Other support for regulation
SB 5052 arrives at a time when politicians and local governments are determined to stamp out a black market and make sure medical patients have products that are tested according to standard regulations.
But few say much about the devil-in-the-details aspects that medical patients are concerned about.
In a January legislative public hearing, representatives of the Association of Washington Cities, the city of Seattle and the Seattle City Attorney’s Office all testified in favor of SB 5052.
The state Liquor Control Board, Department of Health and Department of Revenue, which would play roles in medical-marijuana regulation under SB 5052, also have signaled support.
In a statement, Cody said it is important to preserve patients’ access to medical marijuana but mostly spoke about the need for regulation.
“At this time recreational marijuana users are guaranteed more testing on their product then medical marijuana users and that is unacceptable,” Cody said in prepared remarks.
But Sen.

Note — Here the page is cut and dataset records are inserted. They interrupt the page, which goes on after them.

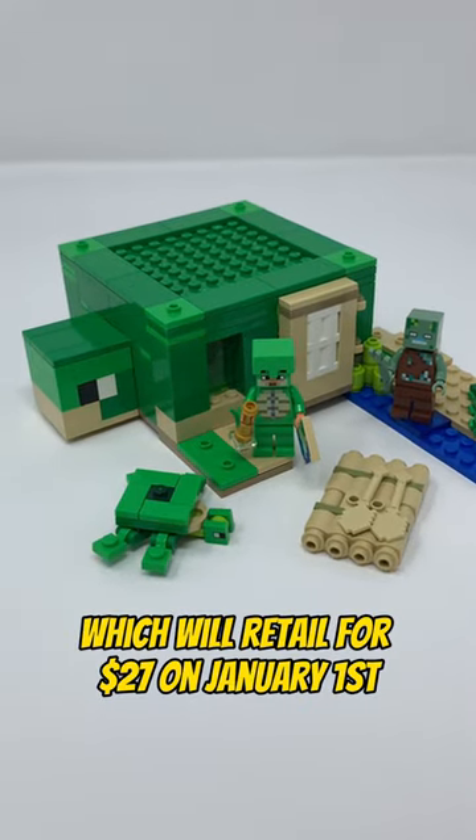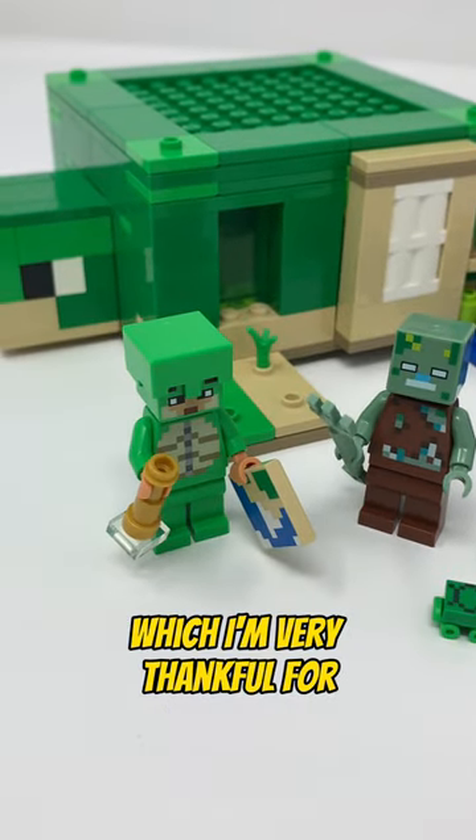Here's a review of the Turtle Beach House, which will retail for $27 on January 1st. This was sent to me by the LEGO Ambassador Network to review, which I'm very thankful for.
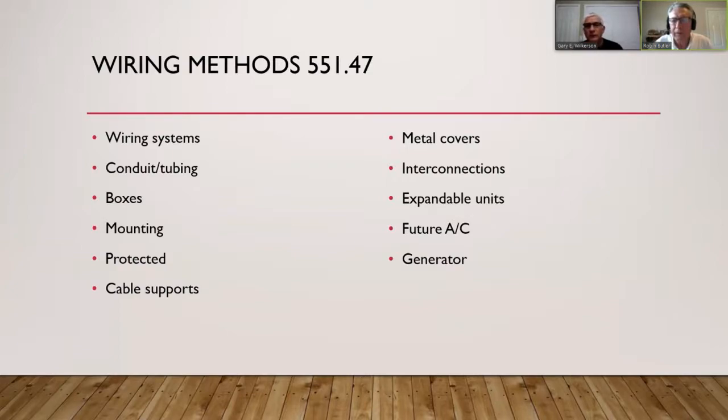Sometimes conduit is rigid — like galvanized metal — which is thicker, harder to cut, harder to bend, and harder to install, but suitable for rugged areas. It's called rigid metal conduit (RMC). You can use it, but it's sort of like putting a Cadillac part in a Volkswagen — not necessary, but there are applications for everything.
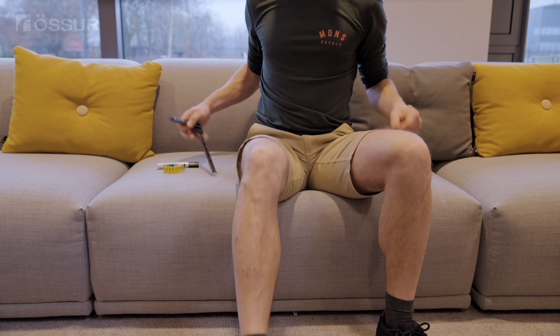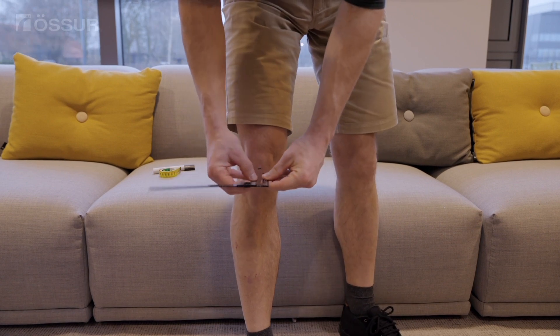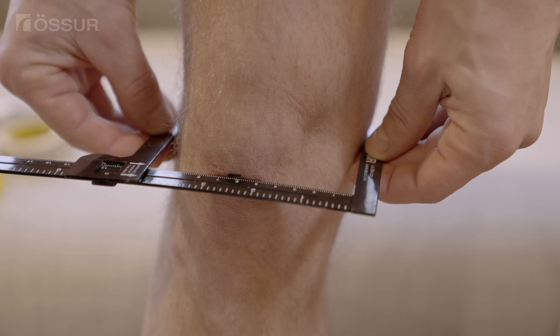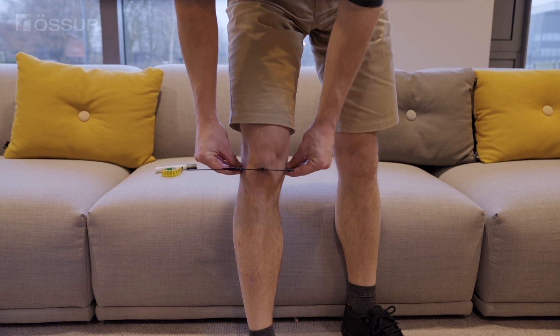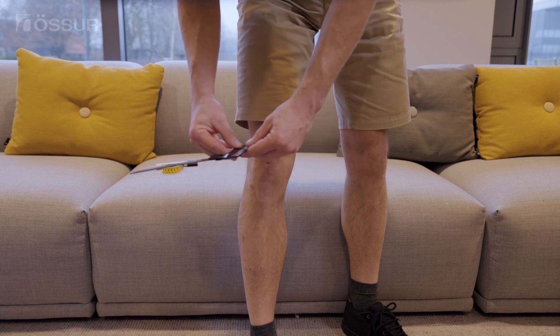Caliper Method to Determine Knee Width: Take a caliper tool and measure across the middle of the kneecap to determine the correct width of your knee. Make sure the caliper aligns with the center mark and the edges of the caliper touch the widest part of your leg, not just the width of your kneecap. Take the measurement in a weight-bearing position without your knee locked out.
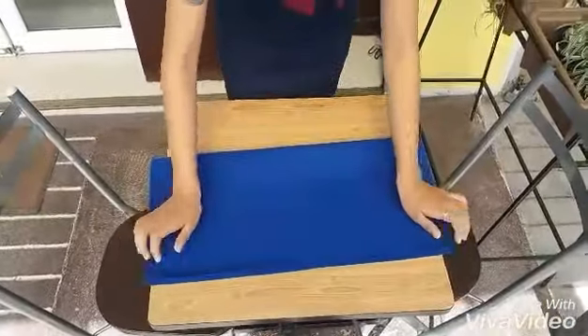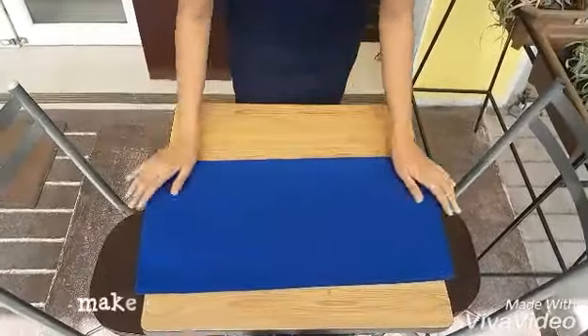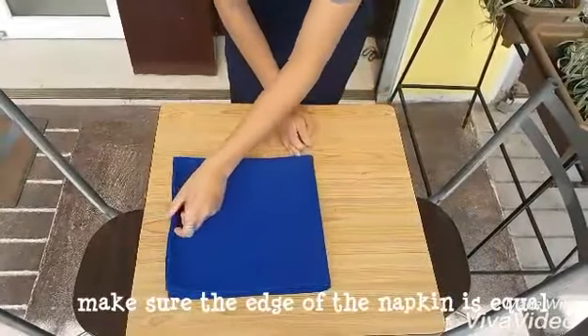Fold the typical napkin to make a rectangle, and fold it again to make a small square.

Jeanne Kohl-Welles, D-Seattle, described SB 5052, as in “a very fluid situation” now that it has reached the Democratic-controlled House.
“There are a lot of House members who are not thrilled with some parts [of Rivers’] bill, including the registry,” said Kohl-Welles who offered a competing proposal this year that likely won’t be used.
Gov. Jay Inslee said in February that he’ll sign whichever bill lawmakers agree on.
“I would like to see a bill reach my desk,” Inslee said. “That is the single highest priority for us.”